For Leija, who received her undergraduate degree from UC Berkeley and her MFA in Writing from the California College of Arts, the Rose Treviño Scholarship was a perfect match, and her embodiment of its legacy is evident.
Commenting on her history of community involvement, Leija said, “For over 16 years, I’ve dedicated myself to working with young people and their families in schools, community centers, and within the non-profit sector, and to being an advocate, a mentor, and an educator, especially for immigrant and Spanish-speaking communities.”

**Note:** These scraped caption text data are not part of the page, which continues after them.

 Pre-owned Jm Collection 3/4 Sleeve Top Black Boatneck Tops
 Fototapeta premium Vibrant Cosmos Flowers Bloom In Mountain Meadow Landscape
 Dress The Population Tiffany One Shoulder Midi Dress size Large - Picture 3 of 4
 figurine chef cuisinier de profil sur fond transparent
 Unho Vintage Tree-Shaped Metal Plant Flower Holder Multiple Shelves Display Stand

But moving with her family for her husband’s work and staying home with their son had made finding work as a non-profit administrator challenging for Leija in cities where nobody knew her name. Once she arrived in Long Beach, Calif., she decided to take her sister’s advice and apply for a part-time position as a library assistant with Long Beach Public Library—and landed the job.
“I take my position as one of the only Spanish speakers in the building very seriously. For me, it’s an honor to serve my community members, to give them my best effort, and help them find resources available for them to enjoy,” she said. “I want people to feel respected, to feel safe, supported, and honored for who they are, where they come from, and what they have to offer the world. I extend that desire not only to Spanish-speaking communities but to all people, all walks of life, all identities, intersections, and experiences.”

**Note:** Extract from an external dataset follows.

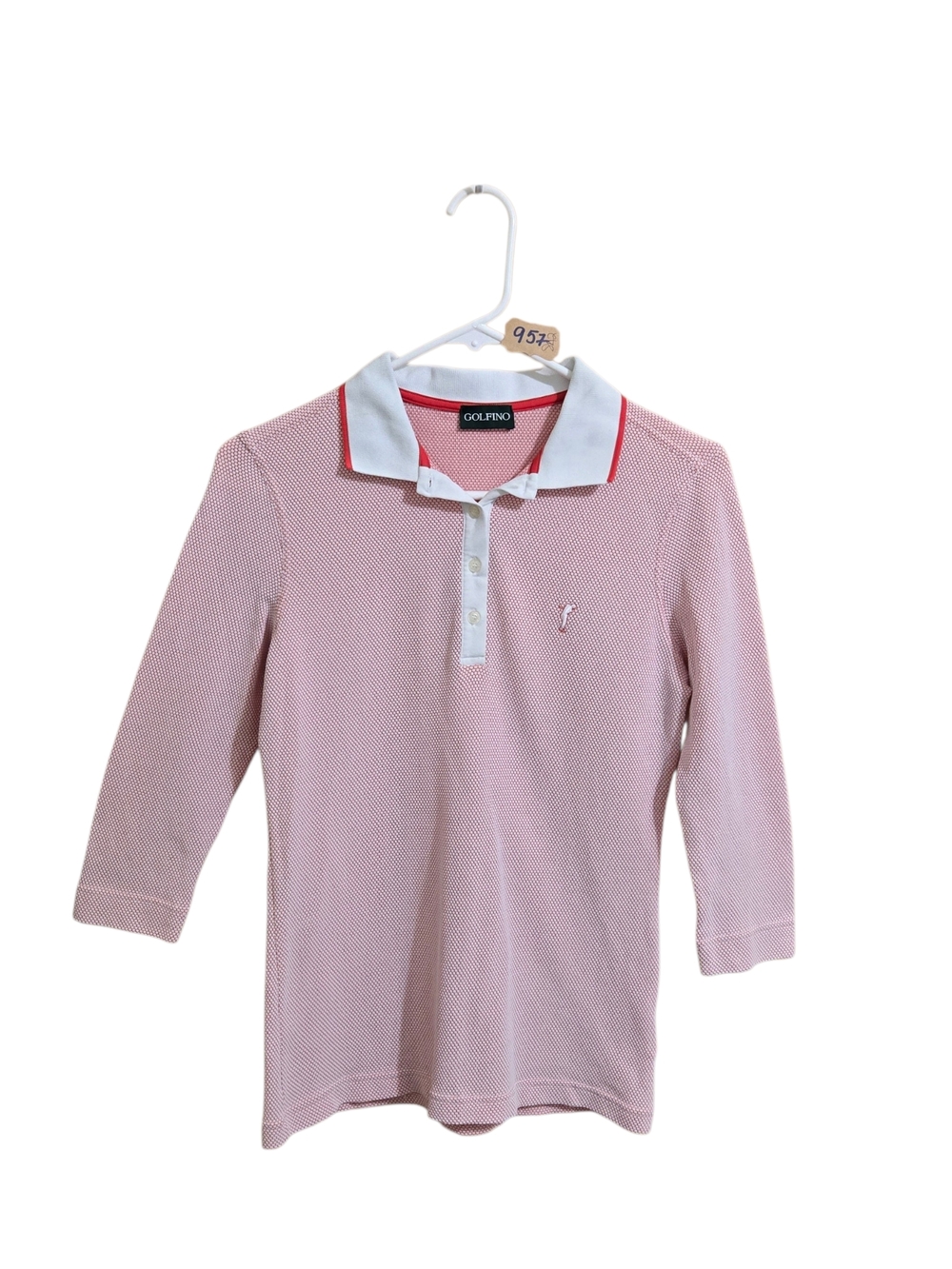 GOLFINO Women's Red 3/4 Long-Sleeve Polo with Contrast Collar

After six months, Leija said she was pretty sure that it was more than just a part-time job. “I fell in love with the work! It was balanced and dynamic in so many ways,” she said. “I enjoy sparking joy through stories.”
Leija said she decided to apply for the scholarship because her fellow “REFORMISTA” Cynthia Bautista, an amazing senior librarian at Long Beach Public Library, encouraged her to apply, and she realized that being able to afford going back to school without the help of scholarships would be difficult, if not impossible.
Learning she had been awarded the scholarship was an emotional moment for Leija. “When Delores Carlito, REFORMA Scholarship chair, called me on the phone with the good news, I couldn’t hold back the tears! I was in the middle of moving to a new home with my family, so exhausted and overwhelmed, but then Ms. Carlito called, and it felt like a grand affirmation that I was indeed on the right path,” she said.
Receiving the Rose Treviño Scholarship, said Leija, was “an incredible honor, especially since it memorializes a librarian whose passion, dedication, and advocacy for children and their families was demonstrated through her career. She is exactly the kind of librarian I aspire to be.”
Cortes, who received her BA from Rutgers in Latino and Caribbean Studies, recently completed a fellowship with Brooklyn Public Library and aims to work with public libraries after graduation. Her collaborative efforts, extraordinary leadership and commitment to service were among the attributes that helped win her the REFORMA scholarship.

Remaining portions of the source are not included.